Wangari Maathai : Non. Les problèmes politiques ne sont jamais définitivement résolus, mais ils peuvent être atténués. Le problème que nous avons entre nous, au Kenya, prend sa source dans l’époque coloniale. Il n’a pas été résolu, car il nécessite que les gens changent d’état d’esprit sur la façon dont ils se représentent ce que c’est que d’être Kényan, et qu’ils se sentent chez eux au Kenya sans avoir besoin de se référer aux barbelés que l’administration coloniale nous a mis dans la tête. C’est un problème que malheureusement toute l’Afrique connaît. Les politiciens qui s’affrontent pour le pouvoir instrumentalisent la question de la terre pour arriver à leurs fins. Mais je pense que nous aurons la paix au Kenya jusqu’aux prochaines élections. Cependant, le problème de fond reste que beaucoup trop d’entre nous, Kenyans, ne nous acceptons pas les uns les autres. Il y a des gens qui ont été déplacés et qui vivent dans des camps jusqu’à maintenant. Certains sont traumatisés et ont besoin d’être entendus. Si, sur le plan politique, les choses se sont calmées, il nous reste tout de même beaucoup de travail à faire.

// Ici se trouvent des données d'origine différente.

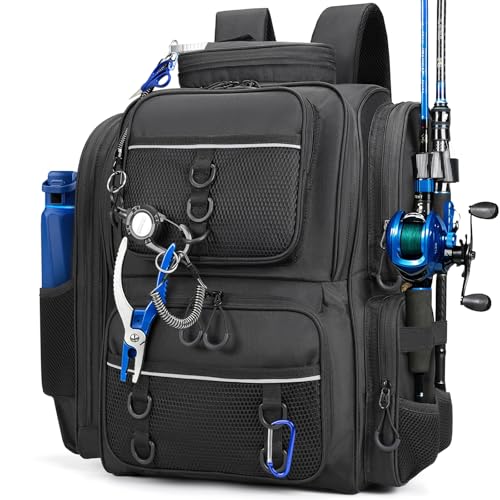 WANOON Fishing Backpack, fishing bag with Rod Holders. Large tackle Backpack Strong Materials - color: Black, size: 42L-Without Tackle Boxes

Afrik.com : Sur le plan international, les élections américaines prennent une très grande place dans l’actualité. Quel regard portez-vous sur cet événement ?
Wangari Maathai : Les élections américaines sont importantes pour le reste du monde. Ce qui se passe aux Etats-Unis affecte le reste de la planète. Ces élections sont une étape importante, car nous quittons l’ère du gouvernement Bush pour rentrer dans une nouvelle ère. C’est important de savoir qui les Américains vont élire… Comme vous le savez, le sénateur Obama a des origines kényanes. Pour cette raison, l’Afrique et le Kenya, en particulier, l’observent avec beaucoup d’intérêt. Nous espérons, s’il gagne, qu’il rendra la planète plus sûre.